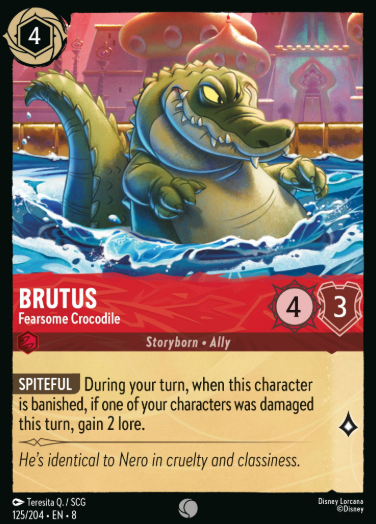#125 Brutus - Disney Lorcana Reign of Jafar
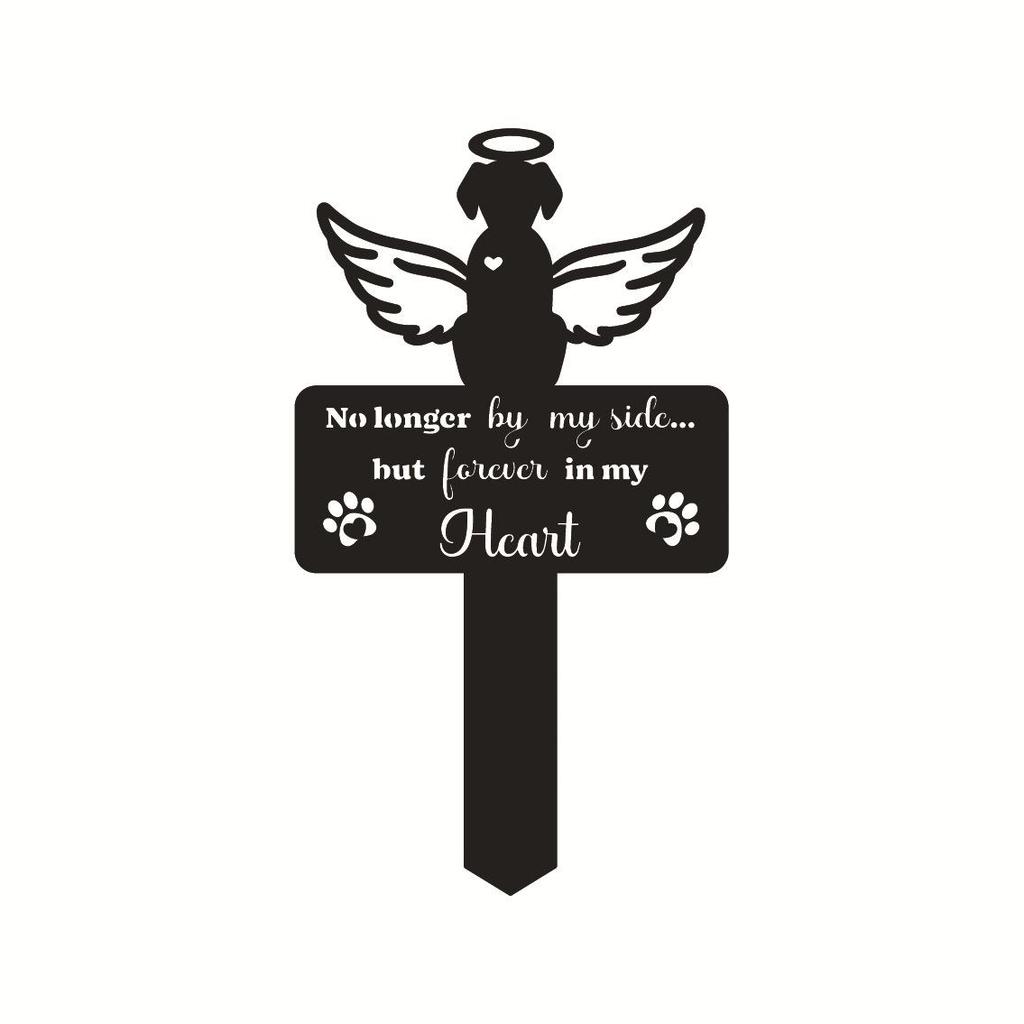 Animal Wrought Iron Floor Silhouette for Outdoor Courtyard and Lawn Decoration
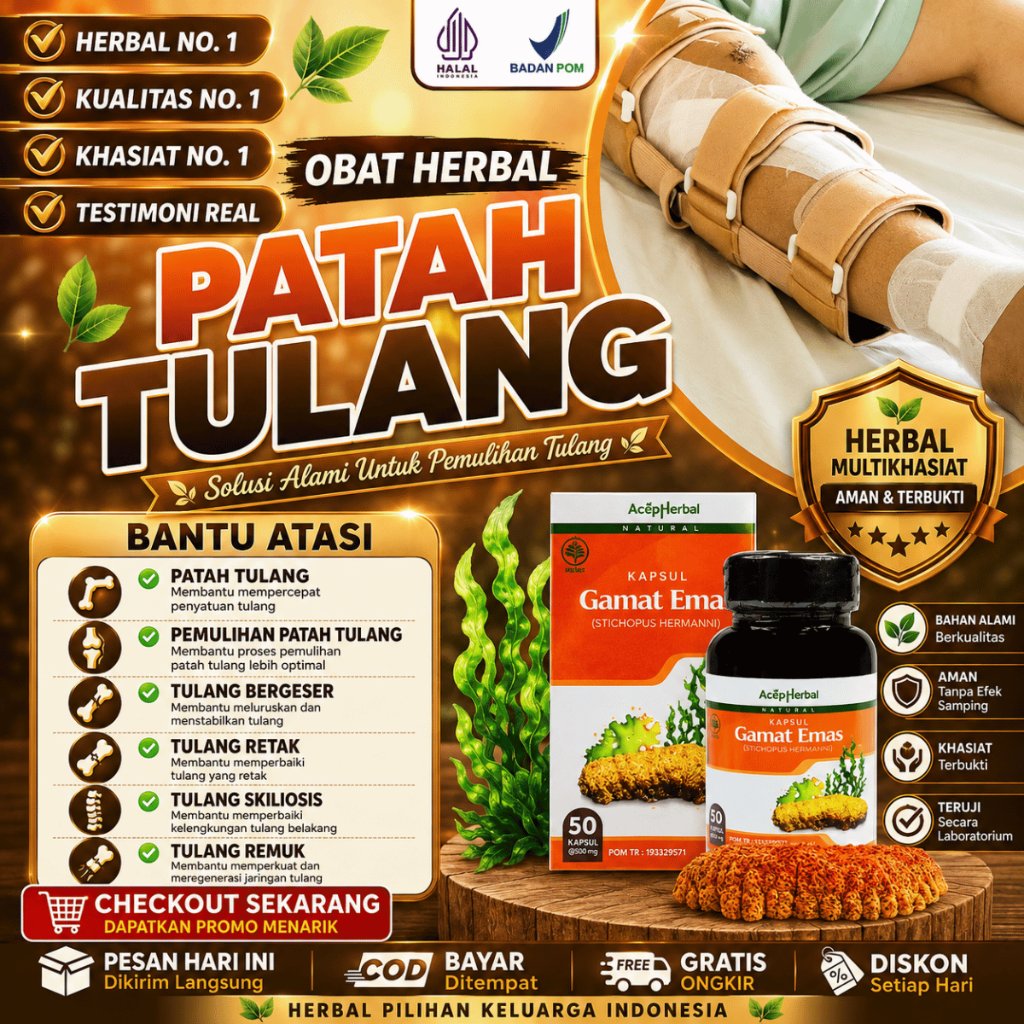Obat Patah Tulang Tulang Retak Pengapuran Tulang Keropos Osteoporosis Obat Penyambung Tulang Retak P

==

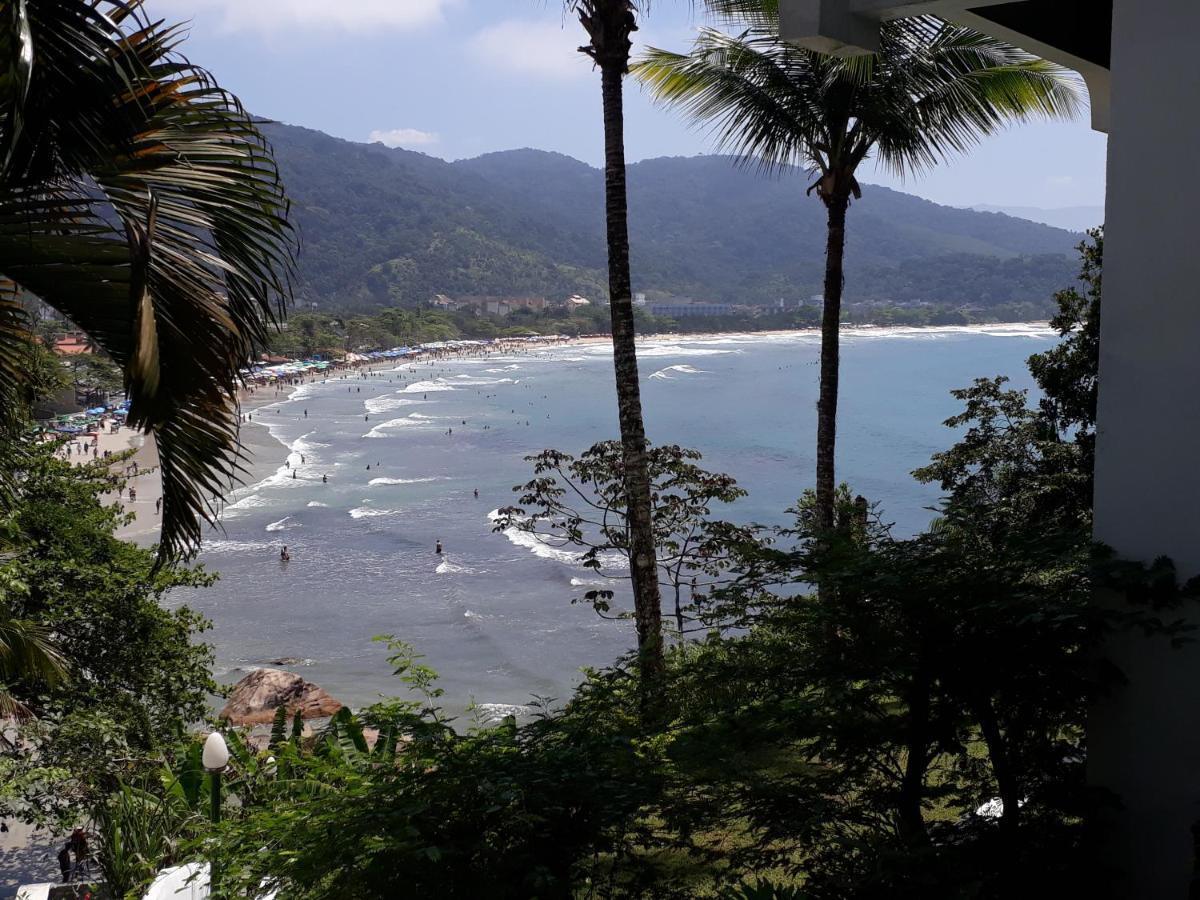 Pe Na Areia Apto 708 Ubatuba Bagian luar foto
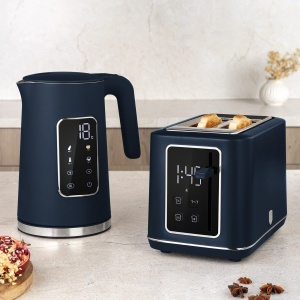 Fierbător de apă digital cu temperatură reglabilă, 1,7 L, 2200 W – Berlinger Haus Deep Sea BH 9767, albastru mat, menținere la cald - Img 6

---

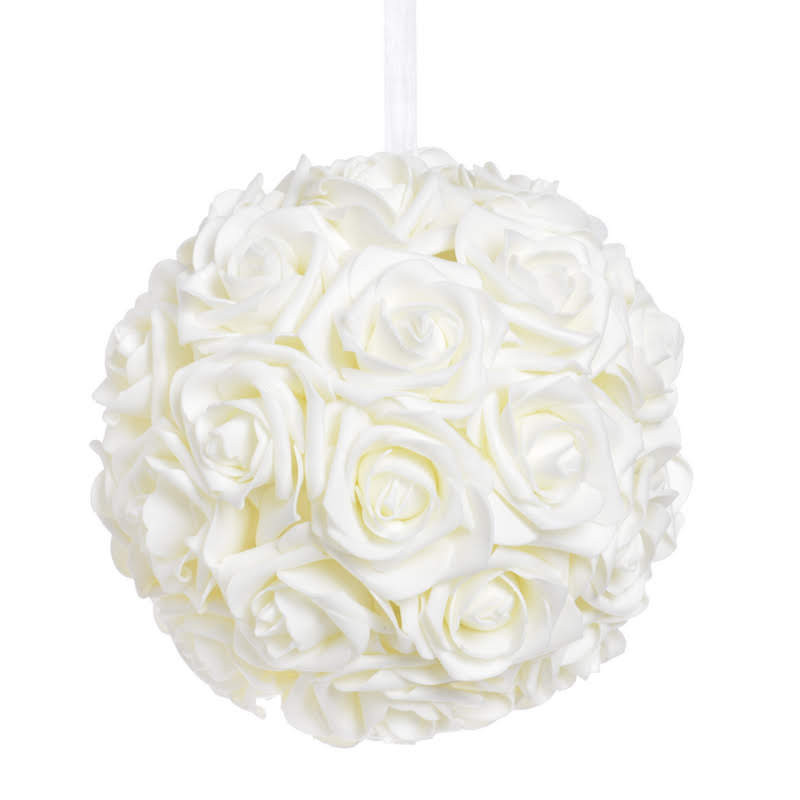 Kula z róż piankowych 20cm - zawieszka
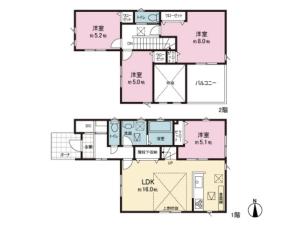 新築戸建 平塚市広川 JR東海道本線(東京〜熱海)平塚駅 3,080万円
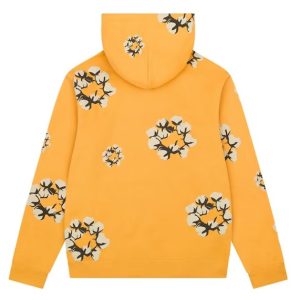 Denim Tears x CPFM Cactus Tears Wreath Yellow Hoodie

## EXERCISE AIM
In the listing above, find the line containing "Animal Wrought Iron" and the line containing "Obat Patah Tulang". Print those two lines and every line between them exactly, with no pictures.

## EXERCISE ANSWER
 Animal Wrought Iron Floor Silhouette for Outdoor Courtyard and Lawn Decoration
Obat Patah Tulang Tulang Retak Pengapuran Tulang Keropos Osteoporosis Obat Penyambung Tulang Retak P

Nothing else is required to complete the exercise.